WORK REQUIRED: Please reproduce all of the listing below exactly and drop its images.

+ + + + + + +

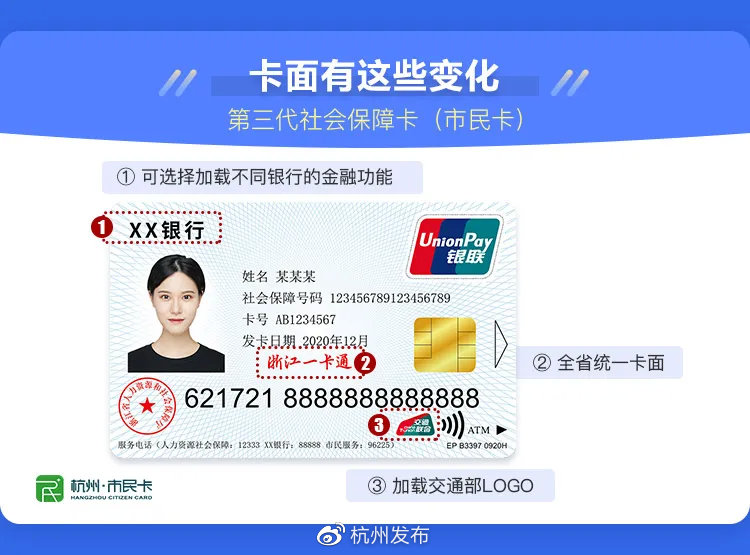 一本大道一卡2卡三卡4探索一本大道的卡种之旅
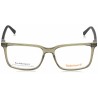 Montatura per Occhiali Uomo Timberland TB1740 56096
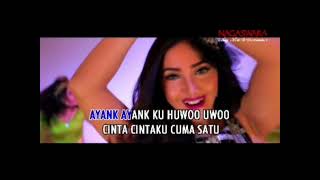 Download lagu Iput Gole - Cinta No 1 mp3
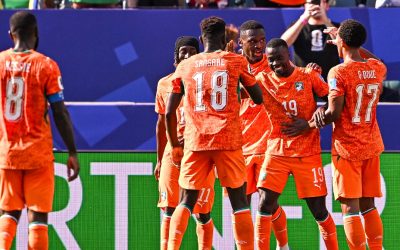 Coupe du monde 2026 : Côte d’Ivoire-Norvège, les compos probables avec Pépé !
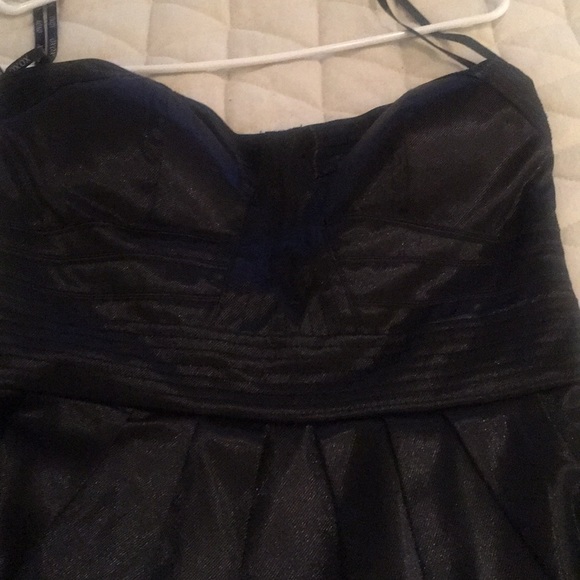 Lbd - Picture 3 of 5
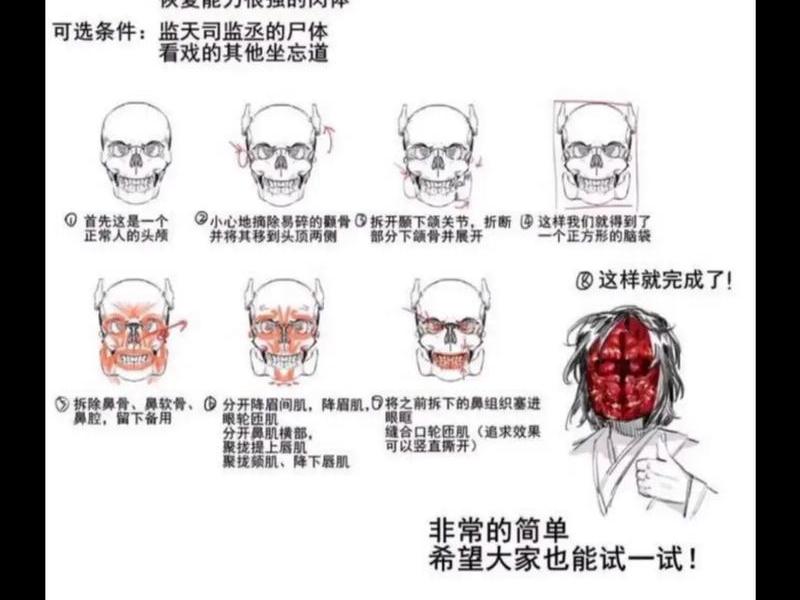 脸书使用技巧、脸书使用技巧视频 脸书使用技巧、脸书使用技巧视频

+ + + + + + +

RESPONSE TO THE EXERCISE:
 一本大道一卡2卡三卡4探索一本大道的卡种之旅
 Montatura per Occhiali Uomo Timberland TB1740 56096
 Download lagu Iput Gole - Cinta No 1 mp3
 Coupe du monde 2026 : Côte d’Ivoire-Norvège, les compos probables avec Pépé !
 Lbd - Picture 3 of 5
 脸书使用技巧、脸书使用技巧视频 脸书使用技巧、脸书使用技巧视频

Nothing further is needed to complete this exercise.